TabPFN-3: Technical Report

Source

Core Claim

TabPFN-3 extends the TabPFN line from small tabular datasets toward larger static supervised tables, with a redesigned in-context architecture, synthetic-only pretraining prior, many-class support, inference optimizations, and downstream extensions for time-series forecasting, relational data, and tabular-text data.

Benchmarked Model Entries

  • TabPFN-3: open-weight base tabular foundation model for classification and regression.
  • TabPFN-3-Plus: API and enterprise variant with native tabular-text support.
  • TabPFN-3-Plus (Thinking): API variant using test-time compute scaling for stronger tabular predictions.
  • TabPFN-TS-3: specialized TabPFN-3 checkpoint for time-series forecasting benchmarks.

Key Contributions

  • Scales the TabPFN family to datasets with up to 1M training rows and 200 features, while also supporting other regimes such as many features or many classes.
  • Uses a three-stage architecture: feature distribution embedding, row-wise feature aggregation, and row-embedding in-context learning.
  • Adds an attention-based many-class decoder, stronger preprocessing, improved synthetic structural-causal pretraining prior, row-chunked inference, and reduced KV caching.
  • Reports that a forward pass of TabPFN-3 sets a new TabArena performance standard, while TabPFN-3-Plus (Thinking) further improves results through test-time compute.
  • Extends the TabPFN ecosystem through TabPFN-TS-3 for time-series forecasting, RelBenchV1 relational-data evaluation, TabSTAR tabular-text evaluation, and faster SHAP-value computation through KV caching.

Method Notes

The core model remains a static tabular-data foundation model. Its context is a supervised table of rows and labels, not an ordered temporal history, and ordinary feature columns should not be treated as events, exogenous variables, control inputs, or interventions by default.

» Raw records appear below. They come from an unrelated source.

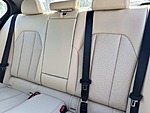 New 2026 BMW 330I XDRIVE 330I NA XDRIVE in JACKSONVILLE, FLORIDA (Photo 14)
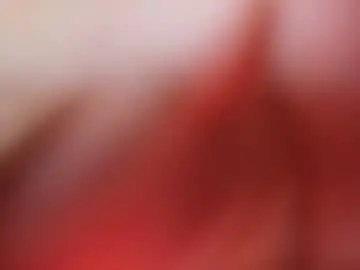 Chaturbate Free Porn Cam of kyana_cream
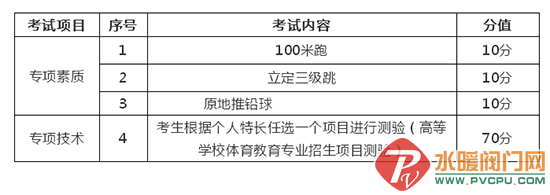 QQͼƬ20180520151944.png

TabPFN-TS-3 is the time-series-specific extension to track in this wiki. It matters because it shows that the TabPFN synthetic-prior and in-context-learning machinery can be specialized for passive forecasting, but those results should not be merged with static TabArena results or with action-conditioned world-model claims.

Evidence And Results

  • The report states that TabPFN-3 outperforms other TabArena models in a forward pass and Pareto-dominates the speed/performance frontier under the reported protocol.
  • The report says TabPFN-3 beats 8-hour-tuned gradient-boosted-tree baselines on datasets up to 1M training rows and 200 features.
  • TabPFN-3-Plus (Thinking) is reported to beat non-TabPFN models by more than 200 Elo on standard TabArena and 420 Elo on the largest-data subset.
  • TabPFN-TS-3 is reported as ranking second on fev-bench, behind Chronos-2 in the report narrative.
  • The report claims up to 20x speedup over TabPFN-2.5 and 1M-row inference on a single H100 through reduced KV caching and row chunking.

Limitations

  • This is a Prior Labs technical report rather than a peer-reviewed paper.
  • Several headline results depend on API or enterprise variants, especially TabPFN-3-Plus and TabPFN-3-Plus (Thinking), not only the open-weight base checkpoint.
  • The TABPFN-3.0 License v1.0 is permissive for research and internal evaluation, but production commercial use requires separate licensing.
  • The time-series result is from a specialized TabPFN-TS-3 checkpoint, so it should not be used as evidence that the base TabPFN-3 interface directly models temporal histories.
  • The model is not an action-conditioned world model: it predicts labels or forecasts from observed context, but it does not expose actions, control inputs, interventions, or counterfactual rollout channels as first-class interfaces.

Open Questions

  • Which parts of the TabPFN-3 synthetic structural-causal prior transfer to multivariate time-series forecasting without leaking benchmark-specific templates?
  • How should the wiki compare open-weight TabPFN-3, API TabPFN-3-Plus, Thinking mode, and TabPFN-TS-3 without collapsing different availability and adaptation modes?
  • Can PFN-style tabular context learning become action-conditioned if future work makes interventions, operator actions, or control inputs explicit in the context?